Two people were killed and 13 others injured when a walkway collapsed on a council estate which has become synonymous with Naples mafia drug wars.
Several members of the same family were reportedly getting some fresh air on a sweltering night when the third-floor walkway connecting two sections of a building on the dilapidated Scampia estate crumbled beneath their feet.
One of the residents, Vincenza Troise, said she was having dinner “with the door wide open because it was so hot when suddenly we heard a loud roar, like an earthquake”.
The victims were named locally as 29-year-old Roberto, a butcher and the father of a two-year-old girl, and his aunt Margherita, 35, who had three children.
Of the 13 people hurt, seven were children aged between two and eight years old.

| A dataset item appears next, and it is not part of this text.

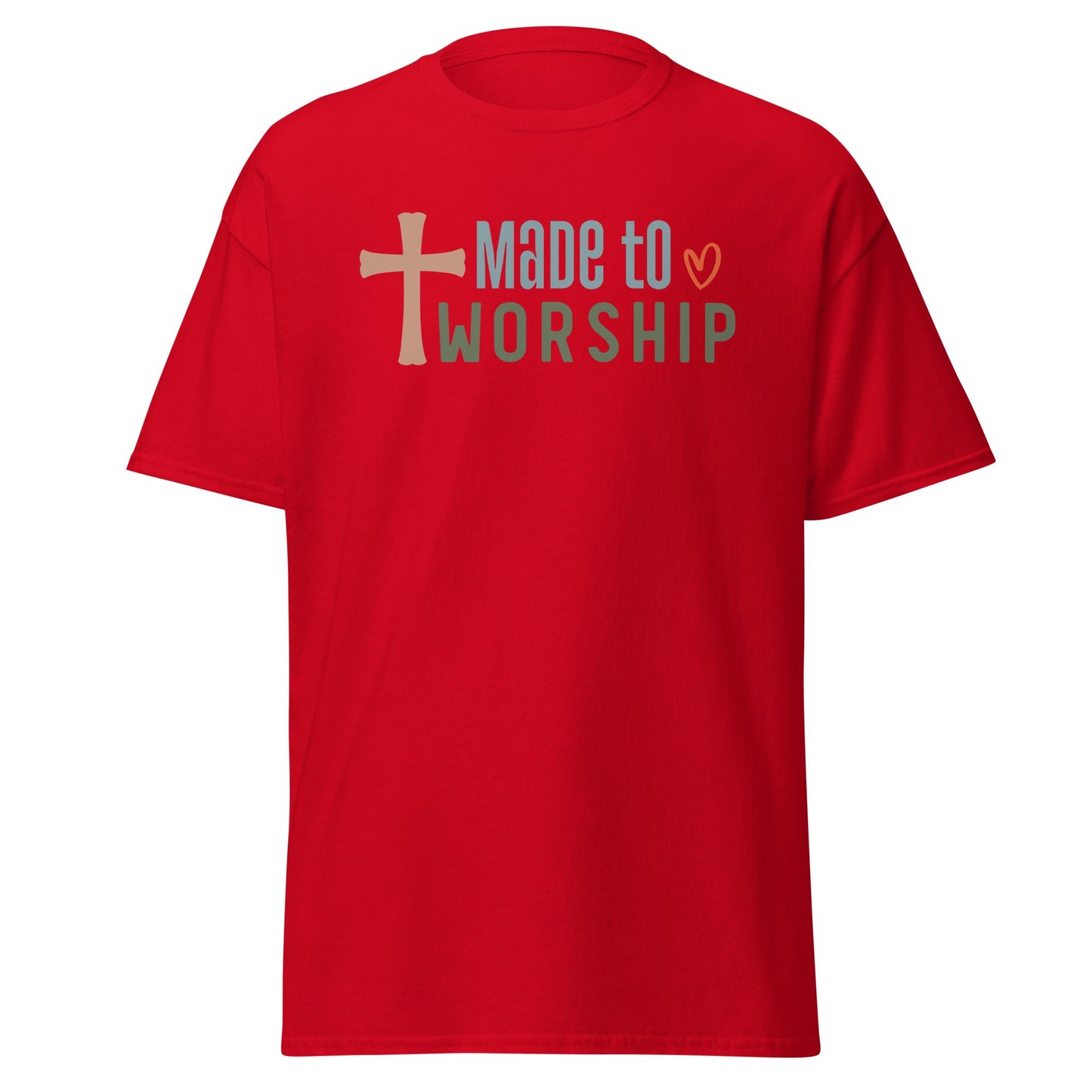 Made to Worship T - Shirt - S & M Unique Shirts, LLC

Two of the younger children are described as being in a critical condition.
More than 800 people were evacuated from the estate overnight.
Several residents told Italian media that they blamed the accident on ongoing building work on the estate. “Every morning you can feel the vibrations from the jackhammers and you see rocks tumbling down,” one woman told state broadcaster Rai.

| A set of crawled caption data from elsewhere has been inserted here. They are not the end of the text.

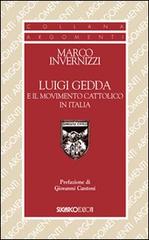 Luigi Gedda e il movimento cattolico in Italia di Marco Invernizzi edito da SugarCo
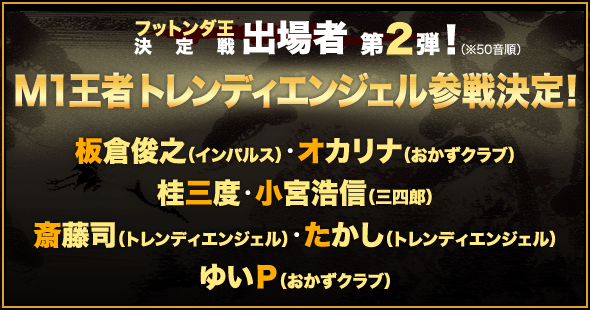 フットンダ王決定戦 出場者 第２弾！（※50音順）Ｍ１王者トレンディエンジェル参戦決定！ 板倉俊之（インパルス）・オカリナ（おかずクラブ）・桂三度・小宮浩信（三四郎）・斎藤司（トレンディエンジェル）・たかし（トレンディエンジェル）・ゆいＰ（おかずクラブ）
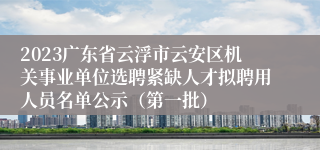2023广东省云浮市云安区机关事业单位选聘紧缺人才拟聘用人员名单公示（第一批）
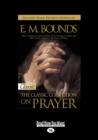 Image for E.M. Bounds:Classic Collection on Prayer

Prosecutors in Naples have opened an investigation for manslaughter.
Italian Prime Minister Giorgia Meloni said on X that she was “distressed” by what had happened and offered her condolences to the families of the victims.
The Scampia estate to the north of Naples was built in the 1960s, at the height of Italy’s postwar economic boom.

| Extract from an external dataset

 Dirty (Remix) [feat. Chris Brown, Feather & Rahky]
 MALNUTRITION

Made up of seven large buildings – dubbed Vele or “sails” for their triangular shape – the complex was inspired by modernist housing developments developed by French-Swiss architect Le Corbusier and was meant to house some of Naples’ fast-growing population.
But the green spaces, schools, common areas and playgrounds that were meant to become the pulsating heart of a thriving community never materialised, and public transport connections to Naples were never built.
The area soon turned into a hotspot for organised crime, prostitution and open-air drug-dealing – and Scampia became a symbol of urban decay.
The situation worsened still when many families who were left homeless after an earthquake struck the region in 1980 moved into the Scampia buildings illegally, adding to the overcrowding and unsafe conditions.
In the early 2000s, the bloody feuds between rival gangs were documented in Roberto Saviano’s book Gomorrah, and a film of the same name was partly shot in Scampia.
Many residents tried to shake off the label through grassroots cultural initiatives, community projects or activities aimed at keeping children away from criminal gangs.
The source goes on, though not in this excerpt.